Sunday, February 27, 2005

10:40pm, late for indian standards, the staff are all sleeping or drinking and i sit in the office with kathrin(german intern). we both are writing to far away people in far away places because the people here dont satisfy. for her there is a boy in mali with whom she is deeply in love and is going to live with in august. for me it is a little bit different.

im having serious issues dealing with a woman on this trip. history is necessary though i want to skip it. for now. i feel as if all this is in my head sometimes. as if ive just drawn battle lines and her and i are at war. i came to the conclusion the other day that my actions towards women are all designed to control them. they manifest differently but the purpose is elicit certain responses and behaviours from women; responses and behaviours that please me.

what does this have to do with the immediate situation? my roomate has become increasingly close friends with jenai and i find that almost unbearable. i feel as if she has given up our friendship for the one she has with jenai. i feel her actions towards me have become hostile and passive agressive. with my roomate behaving as such and my general isolation from the group alot of time with the group is uncomfortable for me. very uncomfortable. along with this persistant itching. and i can no longer control or have the semblance of control over her actions. that is what fundamentally bothers me here. is that a woman over whom ive have no control has now become friends with a woman of whom i had a level of control over and taken her away from me.

away from me.
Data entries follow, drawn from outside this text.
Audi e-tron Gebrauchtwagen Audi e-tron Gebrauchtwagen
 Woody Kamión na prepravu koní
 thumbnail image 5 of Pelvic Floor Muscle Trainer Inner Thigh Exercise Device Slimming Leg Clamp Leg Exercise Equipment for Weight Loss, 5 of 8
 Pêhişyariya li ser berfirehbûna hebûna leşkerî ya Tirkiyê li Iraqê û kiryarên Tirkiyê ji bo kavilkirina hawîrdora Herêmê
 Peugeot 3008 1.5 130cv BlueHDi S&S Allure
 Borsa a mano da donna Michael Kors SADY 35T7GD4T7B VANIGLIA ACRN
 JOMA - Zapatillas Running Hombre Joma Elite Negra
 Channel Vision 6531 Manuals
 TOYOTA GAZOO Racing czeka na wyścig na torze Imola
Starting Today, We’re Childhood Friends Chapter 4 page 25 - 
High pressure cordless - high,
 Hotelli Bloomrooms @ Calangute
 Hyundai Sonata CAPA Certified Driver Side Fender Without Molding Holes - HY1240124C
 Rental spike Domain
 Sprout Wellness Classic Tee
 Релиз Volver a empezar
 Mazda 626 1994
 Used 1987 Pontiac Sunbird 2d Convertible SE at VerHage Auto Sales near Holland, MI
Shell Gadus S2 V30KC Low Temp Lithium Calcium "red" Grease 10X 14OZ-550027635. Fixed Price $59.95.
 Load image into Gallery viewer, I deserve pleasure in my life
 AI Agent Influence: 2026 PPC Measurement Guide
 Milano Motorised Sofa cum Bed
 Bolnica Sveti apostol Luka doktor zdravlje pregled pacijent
ME. this is an issue of possesion and more so of control. and of competition.

this makes the room uncomfortable this makes talking with her outside the room almost impossible so that there is no wy to develop anything with any sense of continuity.

my mind works really fast, really really fast. i come to conclusions based on assumptions which are total fabrications of reality so that ive painted an insane picture of the social scene here as being entirely aligned against me in less than 6 hours.

that is psychotic. it drives me crazy. really painfully crazy.

i lack the ability to just calm down. to let my mind not focus exclusively on the negative experiences or negative constructions in my mind. the good experiences tend to flow right by. i leave good moments and make bad memories. its funny to realize how much of this is a mental construction of me vs. the outside world.

today i had good exchanges with jenai, brittany, lawrence, larry, andrew, and yumiko not too mention fantastic moments with lata, chicana, samantha(that wasnt fantastic, just nice) jayama, luckama, ruckama, jayama, krishna, gopi, and rageesh. i mean, thats alot. thats alot of good things to leave behind in favour of the bad.

the created battle lines between myself and jenai are self perpetuating. there has been no words exchanged between us of significant air for weeks now. i really need to iniate some type of conversation between us and attempt to just talk with her. i think its possible.

what do i want to talk about? how i feel around her. uncomfortable, forced, painfully aware of everything i do as being disgusted despised and bad, bad, bad. sexist, patriarchal, hierarchal, authoritarian etc etc etc, all the bad words of my recent past are being thrown in my face by the way she makes me feel. its about how she makes me feel...no, its about how we interact...no, its about all of these things? no...there is something i cannot place my finger upon right now. something about how we interact that is contaminated that feels as if it can never be right again.

the battle lines go as far dividing school and play. ive got school, she has play. and because she has it any minute of play that she and I share with the group is painful and i construct what other people think and the whole dynamic of group activities has a life in my head which is fundamentally anti-demetrius and all he stands for. in my head ive been demonized and outcaste; dejected and dislike; alone and isolated from people here is how i feel.

and she gets built up in my mind like some fucking demon whose sole purpose is to exacerbate the tensions between us into full scale combat which in my fantasies ultimately involves me wining through so and so...but i paint her as being ever vigilant of my moves and i feel as if she is observing everything and noting down my transgressions against people to use later as ammunition in the public denunciation.

yeah, fuck.

but i know that these feelings are based strongly in my constructions and assumptions of other peoples thoughts and actions. in other words, im lying to myself about how others feel in order to create an inferiority complex which i can use to put my self up on an imaginary pedestal. upon that pedestal i gain a superiority complex which i use to hold myself above everyone else. that way, not only am i discriminated against but also better than everyone else.

not so fucking healthy, ya?

i dont know what to do. but i think that by putting myself through this questioning things are getting alittle better, now ive just got to start talking.

and to deal with this itching and possible outbreak of hpv. Fuck. that worries me. really worries me.